Intratumoural injection

Another growing technique set to transform the efficacy of all immunotherapies, not just immune cell therapies, is the use of intratumoural injection. This involves administering the therapy directly into the tumour, ideally at multiple locations. This targeted approach presents a compelling solution to the limitations of the systemic administration described above. The strategy aims to enhance the in situ bioavailability of immunotherapies, potentially overcoming challenges related to systemic toxicities (such as inflammation and autoimmune reactions) and target under-occupancy within solid tumours.  

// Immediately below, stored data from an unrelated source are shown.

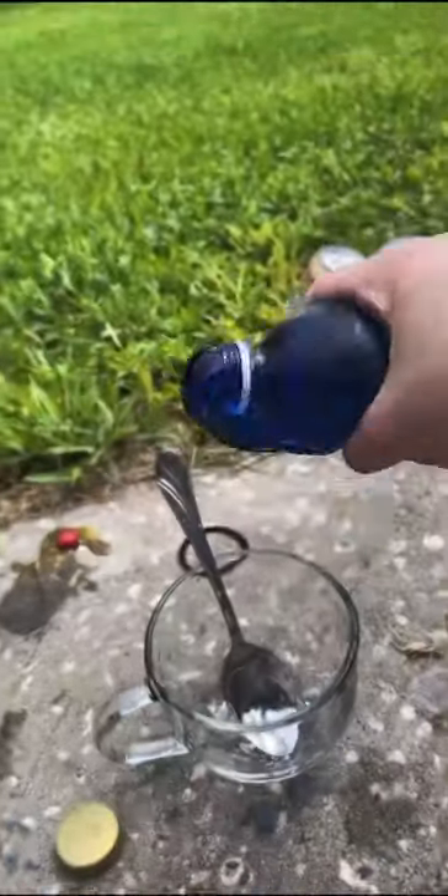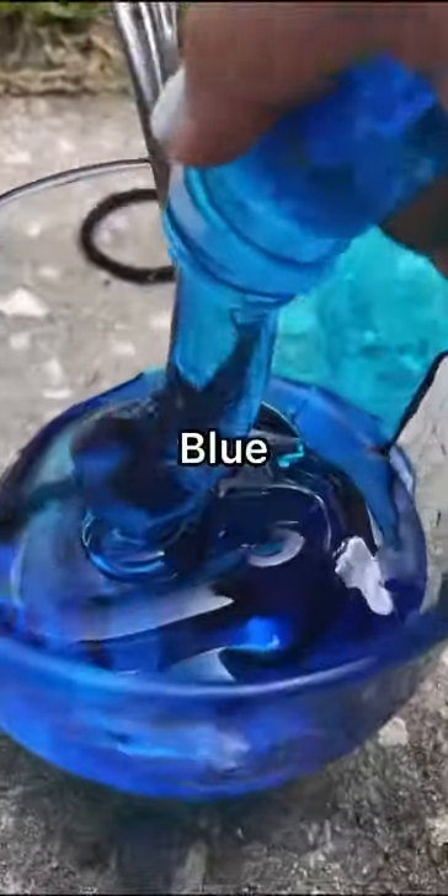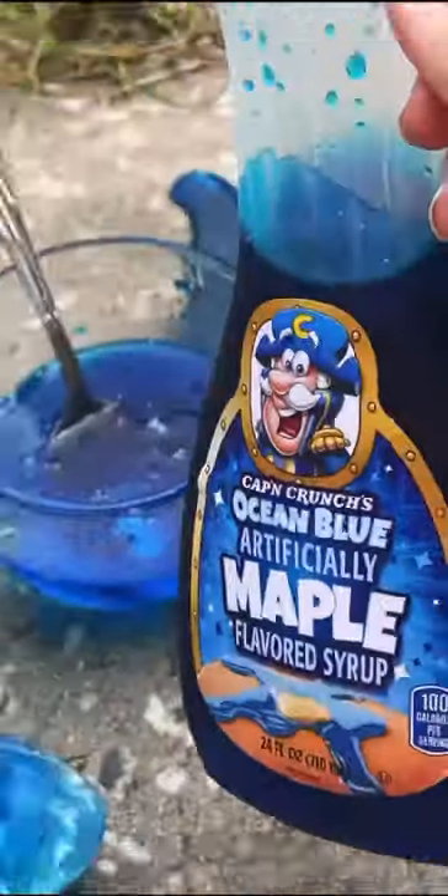See if our frozen honey trend works on blue Captain Crunch maple syrup. This stuff has been in my freezer for seven days as I went on a trip, and it doesn't really look like it's working the way honey does — it's more like blue slime to me. This is all we used, we didn't really mix it with anything else.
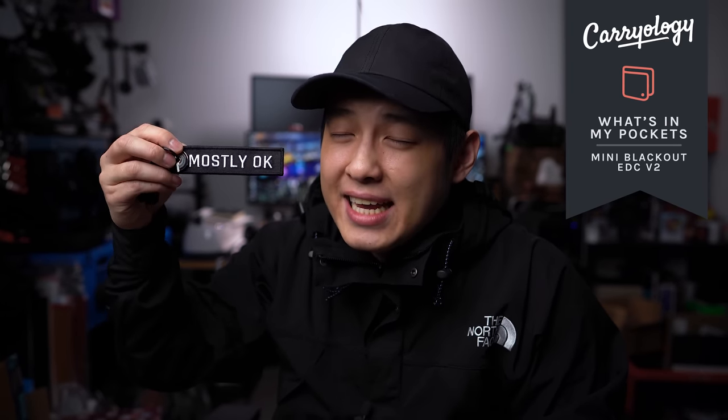On this new mini EDC episode where we don't feature any bags, just the gear in our actual pockets, we're doing an updated channel favorite: mini Blackout EDC, aka Everyday Carry version 2. Is this not the perfect slogan to end off 2020? So let's check it out.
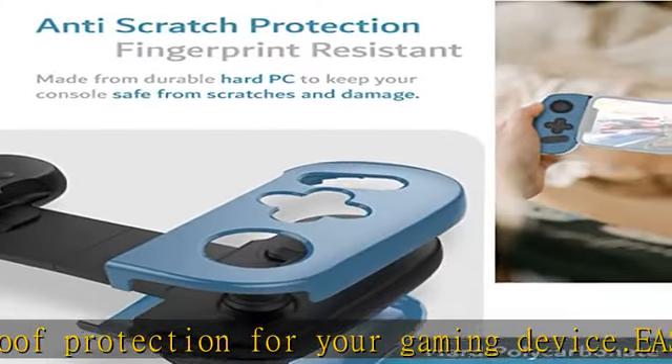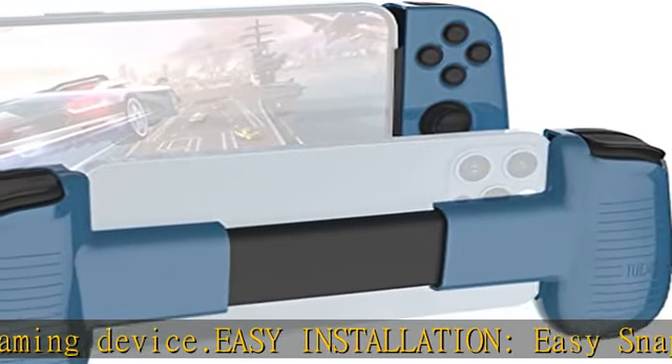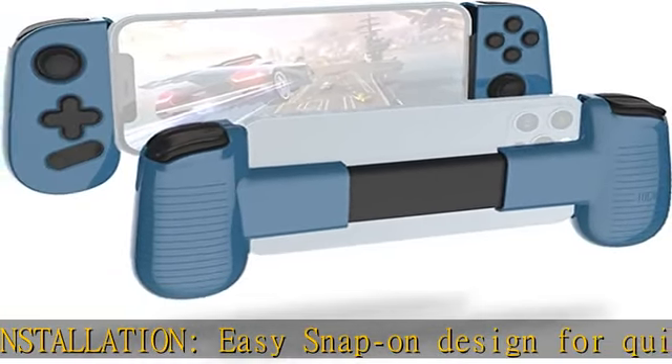Case only — for sale is the protective case only; device not included. See the description to get this product today at the best price.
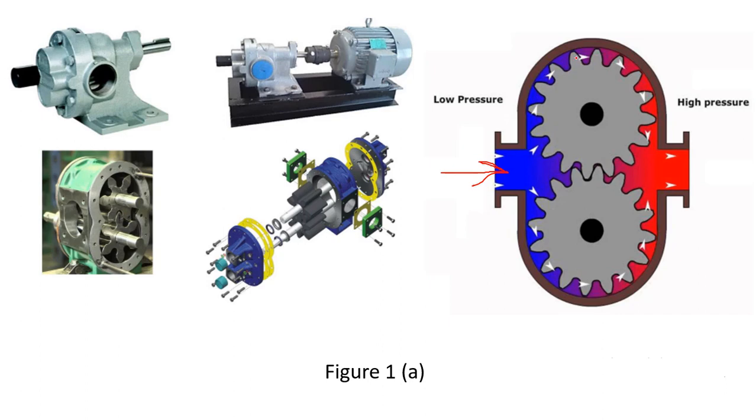During transportation, the clearance between the gear teeth and the casing is very small, so there is no leakage. The fluid is brought around to the outlet end. At the meshing point, the fluid has no way to go back or leak out because the gap is very small. Therefore, this liquid is at very high pressure and exits from the outlet end — the inlet is at low pressure and the outlet is at high pressure.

The body’s immune responses are designed to act more effectively in a tissue-localised fashion. Intratumoural administration aligns with this native physiological principle. This targeted approach offers a feasible and effective delivery method in various organs, ensuring high initial concentration locally before gradual absorption into the bloodstream, potentially allowing for higher doses with better tolerability. It also enables the use of immunotherapies which can’t be delivered systemically because they cannot pass through from the vascular system into the tissue of the solid tumour, regardless of toxicity. 

How to realise intratumoural therapy

Despite the potential benefits, challenges in the development of intratumoural therapy administration persist. Technical aspects, operator-dependent efficacy and the need for close monitoring are crucial considerations. For example, there are several surgical challenges associated with accessing highly-variable and often sprawling tumours in hard-to-reach parts of the body, such as the brain, deep in the lung, or ovaries. There is also the physical challenge of injecting these shear-sensitive, viscous therapies without damaging them. Finally, there is also the challenge of optimising drug retention and distribution within the tumour. This is a highly complex undertaking, requiring a multi-disciplinary approach during development.  

Despite these challenges, innovative designs for localised drug delivery can significantly enhance the clinical efficacy of an immunotherapy, while mitigating potential safety concerns. The immunotherapy industry is currently seeing a shift in oncology practice, drug design and administration techniques, offering hope for improved outcomes for patients and reduced toxicity in the treatment of solid tumours.